## [Instructions to follow]
Your output must reproduce all the records below precisely and contain no pictures.

BEGIN Data for this task

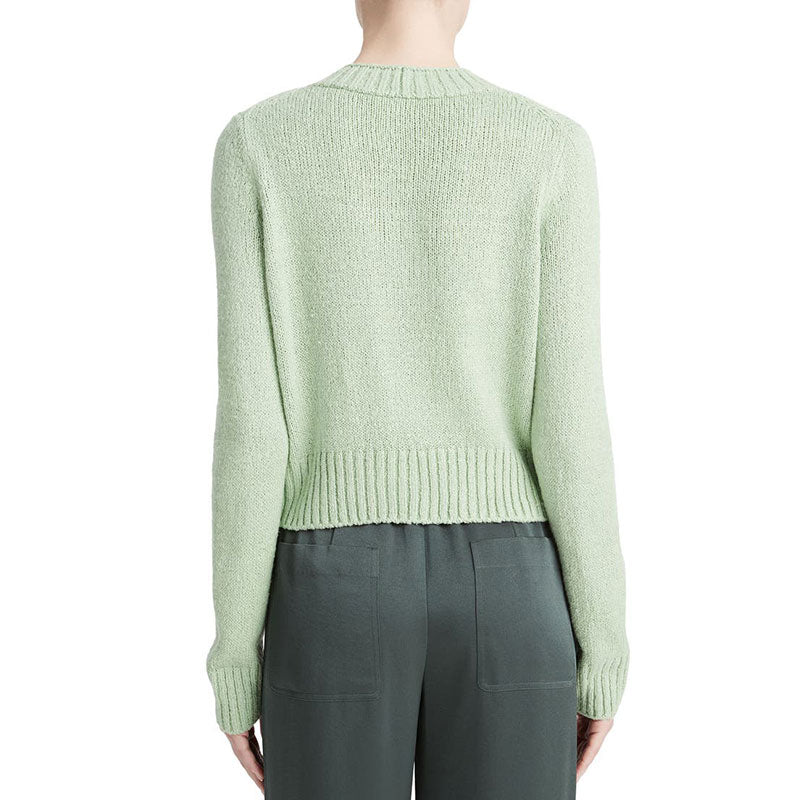 Back view of mint green cashmere blend pullover sweater showcasing the minimalist design.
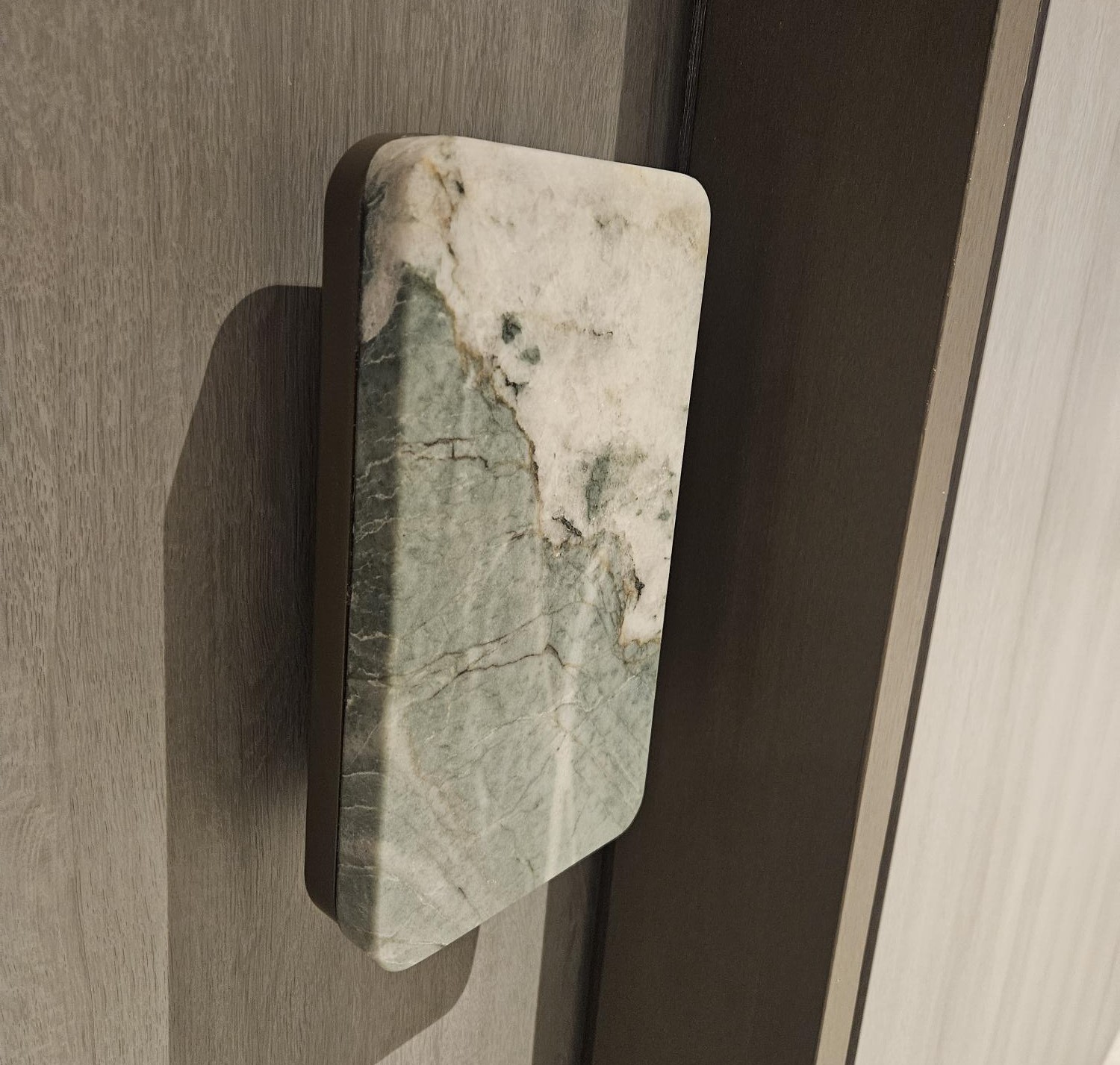 The finished stone pull, fitted on a timber door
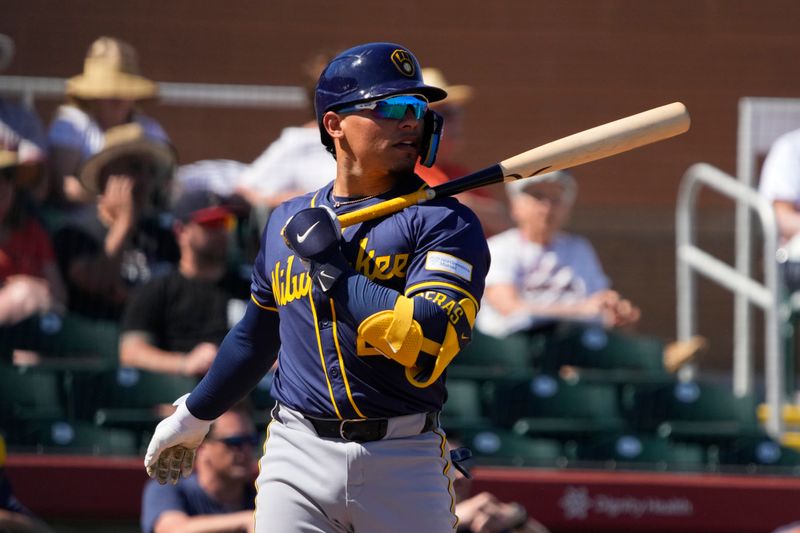 Mar 5, 2024; Scottsdale, Arizona, USA; Milwaukee Brewers catcher Willie Contreras (24) gets ready for a pitch against the San Francisco Giants in the second inning at Scottsdale Stadium. Mandatory Credit: Rick Scuteri-USA TODAY Sports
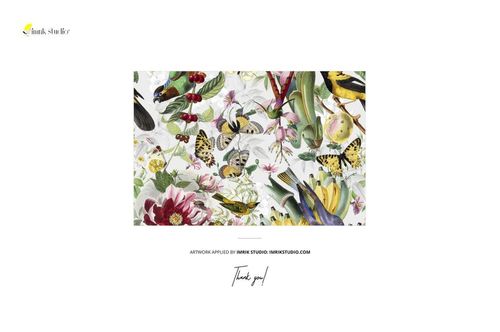 PSD mockup of patterned fabric with birds, butterflies, and flowers displayed outdoors on a green hedge under clear sky.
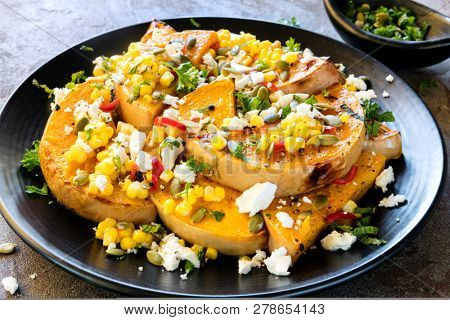 Salad of roasted butternut squash or pumpkin, with sweetcorn and chili salsa, feta cheese and pepitas.  Topped with mint.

END Data for this task

## [Response]
 Back view of mint green cashmere blend pullover sweater showcasing the minimalist design.
 The finished stone pull, fitted on a timber door
 Mar 5, 2024; Scottsdale, Arizona, USA; Milwaukee Brewers catcher Willie Contreras (24) gets ready for a pitch against the San Francisco Giants in the second inning at Scottsdale Stadium. Mandatory Credit: Rick Scuteri-USA TODAY Sports
 PSD mockup of patterned fabric with birds, butterflies, and flowers displayed outdoors on a green hedge under clear sky.
 Salad of roasted butternut squash or pumpkin, with sweetcorn and chili salsa, feta cheese and pepitas.  Topped with mint.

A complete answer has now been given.